Extracted entries section start

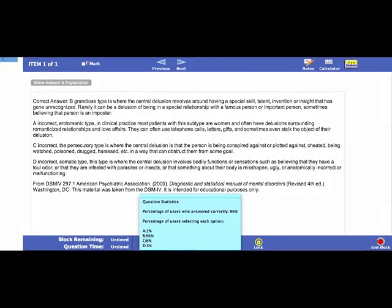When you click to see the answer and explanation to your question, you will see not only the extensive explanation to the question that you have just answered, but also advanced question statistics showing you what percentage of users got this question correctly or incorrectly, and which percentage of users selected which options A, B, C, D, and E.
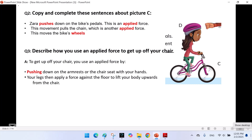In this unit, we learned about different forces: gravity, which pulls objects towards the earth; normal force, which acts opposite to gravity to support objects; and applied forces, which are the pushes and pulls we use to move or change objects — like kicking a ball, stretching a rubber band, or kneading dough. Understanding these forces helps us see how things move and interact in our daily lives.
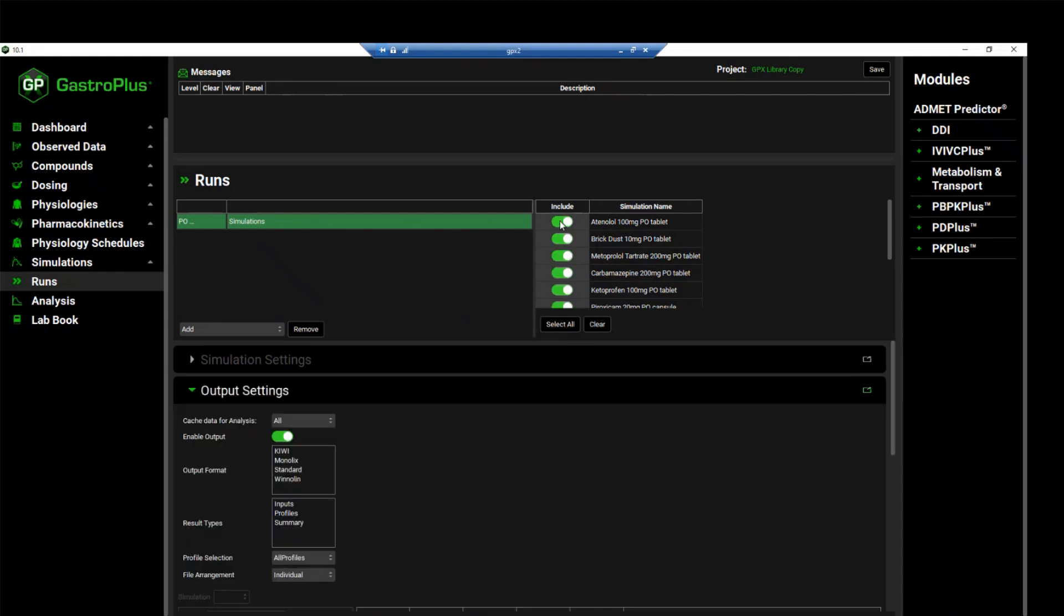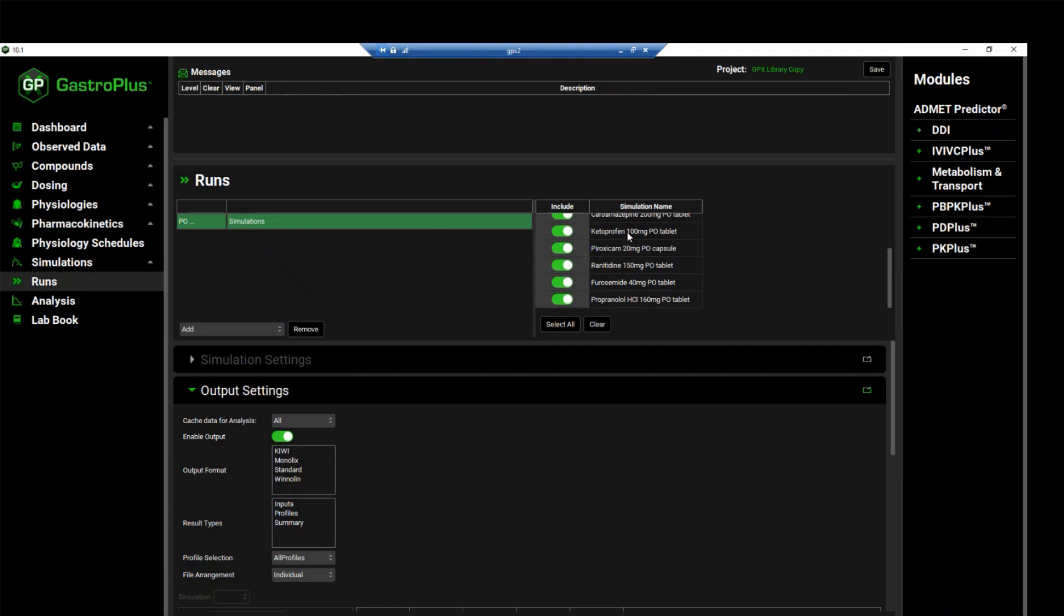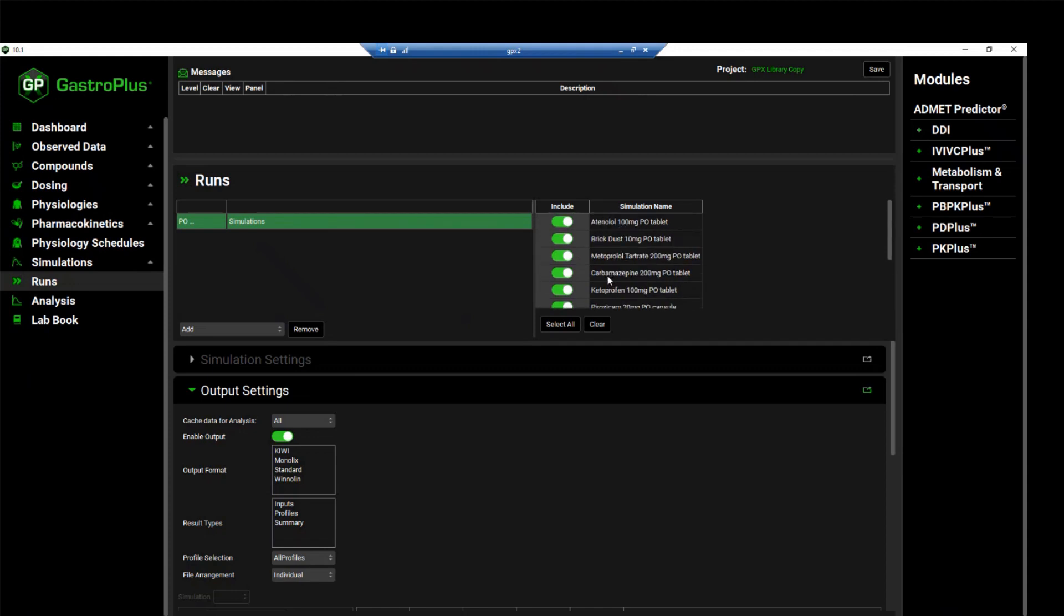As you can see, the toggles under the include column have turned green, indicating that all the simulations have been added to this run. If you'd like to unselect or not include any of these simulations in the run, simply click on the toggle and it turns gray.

Extracted entries section end
Extracted entries section start

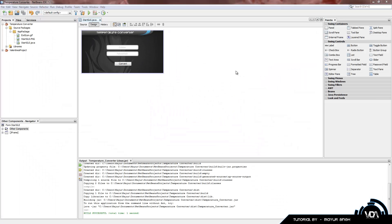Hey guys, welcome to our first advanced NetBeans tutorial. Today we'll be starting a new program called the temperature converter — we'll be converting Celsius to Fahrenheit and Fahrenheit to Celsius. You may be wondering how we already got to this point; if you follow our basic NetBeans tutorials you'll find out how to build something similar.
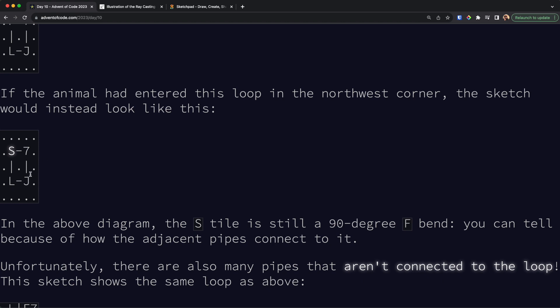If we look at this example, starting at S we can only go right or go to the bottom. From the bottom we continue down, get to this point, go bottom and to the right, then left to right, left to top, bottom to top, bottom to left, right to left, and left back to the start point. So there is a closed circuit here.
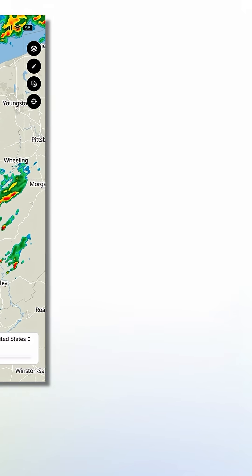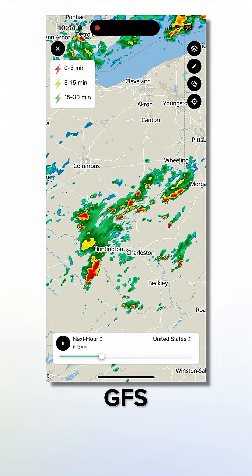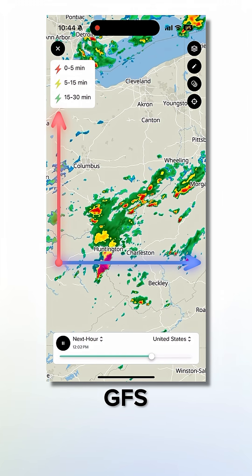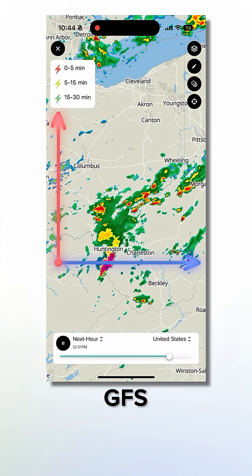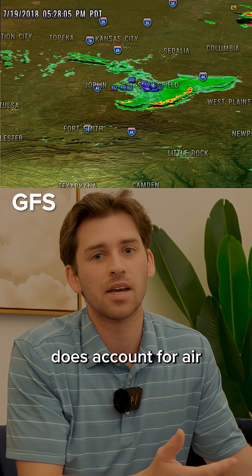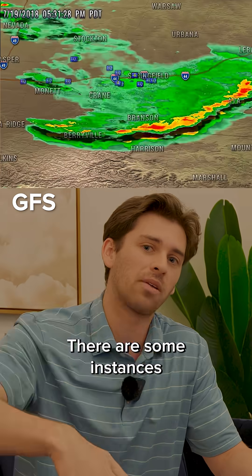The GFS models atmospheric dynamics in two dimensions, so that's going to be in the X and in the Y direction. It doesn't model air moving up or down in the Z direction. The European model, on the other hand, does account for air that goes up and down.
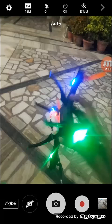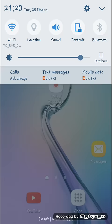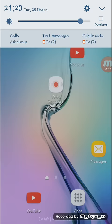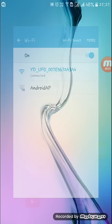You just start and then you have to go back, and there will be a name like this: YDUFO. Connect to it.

Extracted entries section end
Extracted entries section start

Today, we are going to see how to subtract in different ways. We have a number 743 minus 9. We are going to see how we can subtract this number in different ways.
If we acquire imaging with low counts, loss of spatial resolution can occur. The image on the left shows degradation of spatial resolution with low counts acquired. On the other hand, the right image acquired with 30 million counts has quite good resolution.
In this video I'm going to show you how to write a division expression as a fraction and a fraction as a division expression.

Extracted entries section end

## Directions
Could you transcribe the entries above word for word, from the line with "If we acquire" down to the line with "In this video", keeping both?

## Task response
If we acquire imaging with low counts, loss of spatial resolution can occur. The image on the left shows degradation of spatial resolution with low counts acquired. On the other hand, the right image acquired with 30 million counts has quite good resolution.
In this video I'm going to show you how to write a division expression as a fraction and a fraction as a division expression.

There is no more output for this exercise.